Adottati i provvedimenti d’urgenza, si dovrà promuovere una politica volta a contenere le divisioni sociali e territoriali. Si imporranno:  una autonoma politica economica espansiva; trasferimenti di risorse ordinari e straordinari nelle zone e alle categorie particolarmente colpite dalla crisi;  il ripristino del controllo dei capitali e dei saggi di interesse interni; una ricollocazione all’interno della maggior parte del debito pubblico italiano, anche attraverso provvedimenti che impongano ai cittadini italiani, in proporzione alle attività finanziarie possedute, la vendita di titoli dei grandi intermediari finanziari e bancari, per l’acquisto a basso tasso di interesse, di titoli del debito pubblico italiano; una maggiore progressività della imposizione fiscale; la tutela ad ogni costo dell’agricoltura italiana, nei confronti delle imprese agricole straniere che possano pregiudicarla e nei confronti della grande distribuzione e dell’industria agroalimentare.
 Investimenti strategici pubblici e convenzioni con multinazionali per la produzione in Italia di computer, telefonini, televisori e altri oggetti di consumo comune, assicurando alle imprese produttrici rilevanti quote di mercato; reintroduzione della stabilità del rapporto di lavoro vigente prima del cosiddetto Pacchetto Treu. Nazionalizzazione delle grandi banche e di alcune grandi assicurazioni ai sensi dell’art. 43 della Costituzione.

Sarebbe preferibile che l'uscita avvenisse nel medesimo contesto temporale dell'uscita di altre nazioni del sud Europa ed eventualmente dell'Europa dell'Est (ed è probabile che ciò accadrà), per rendere più agevoli le negoziazioni con l'unione Europea.
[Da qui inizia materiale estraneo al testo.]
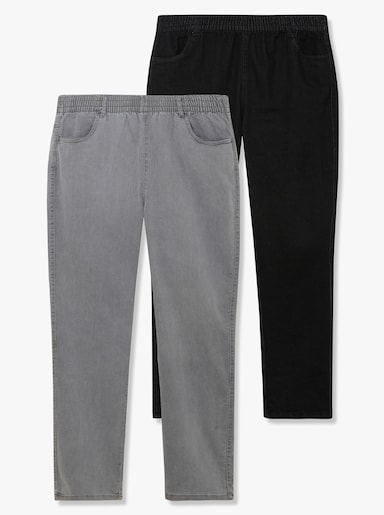 Jeans - grey-denim + black denim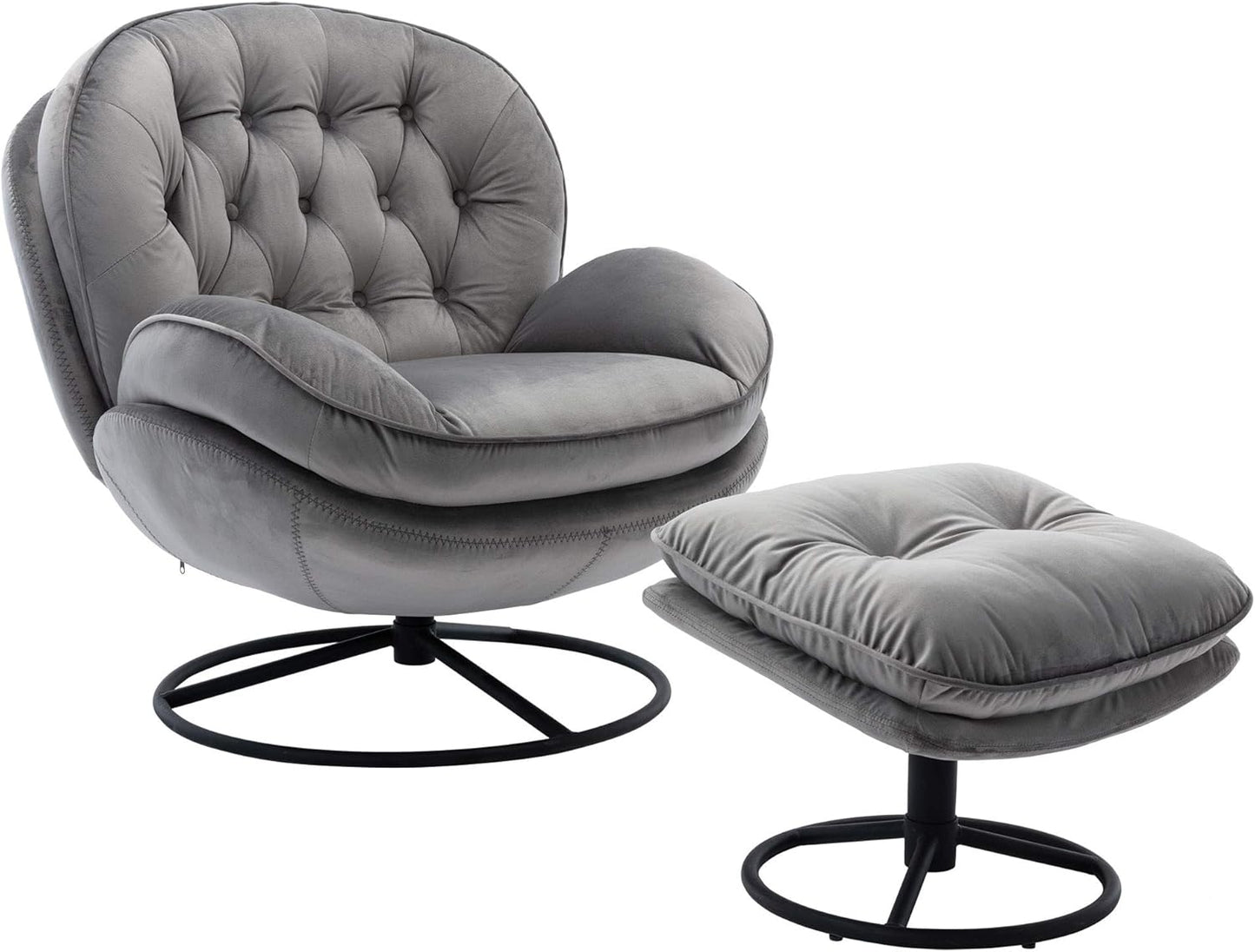 Velvet Cozy Chaise Lounge Indoor, Oversized Swivel Reading Chair with Footrest, Accent Chair with Ottoman Set for Living Room, Bedroom, Reading Room, Home Office, Metal Base Frame (Beige)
L'importante è che sia chiaro che non si tratterà di un passaggio indolore e che lo scontro e il contrasto politico con la Germania ed altri paesi dell'Unione Europea sarà molto probabile: si verificherà se le parti non troveranno un accordo. La libertà ha, ed è bene che abbia, un costo.
Le analisi, sulle quali le proposte sono fondate, sono state pubblicate, divise per parti, su www.appelloalpopolo.it

1 commento:

  1. Articolo 138
    "Le leggi di revisione della Costituzione e le altre leggi costituzionali sono adottate da ciascuna Camera con due successive deliberazioni ad intervallo non minore di tre mesi, e sono approvate a maggioranza assoluta dei componenti di ciascuna Camera nella seconda votazione [cfr. art. 72 c.4].
    Le leggi stesse sono sottoposte a referendum popolare [cfr. art. 87 c.6] quando, entro tre mesi dalla loro pubblicazione, ne facciano domanda un quinto dei membri di una Camera o cinquecentomila elettori o cinque Consigli regionali. La legge sottoposta a referendum non è promulgata [cfr. artt. 73 c.1, 87 c.5 ], se non è approvata dalla maggioranza dei voti validi.
    > Non si fa luogo a referendum se la legge è stata approvata nella seconda votazione da ciascuna delle Camere a maggioranza di due terzi dei suoi componenti".

    Ultimo comma andrebbe abolito, rendendo obbligatorio il referendum in ogni caso
    (aveva una sua logica nel sistema proporzionale, non nell'attuale situazione, determinata dall’introduzione del maggioritario con sbarramento e premio di maggioranza, e con forze politiche addirittura non rappresentate in Parlamento)

    Comunque:
    "per rispetto del popolo sovrano chiedete con forza, che l’approvazione (votazione prevista per domani 17.04.2012) non avvenga con la maggioranza qualificata dei due terzi (2/3) dei componenti del Senato: per lasciare spazio a un’eventuale richiesta di referendum".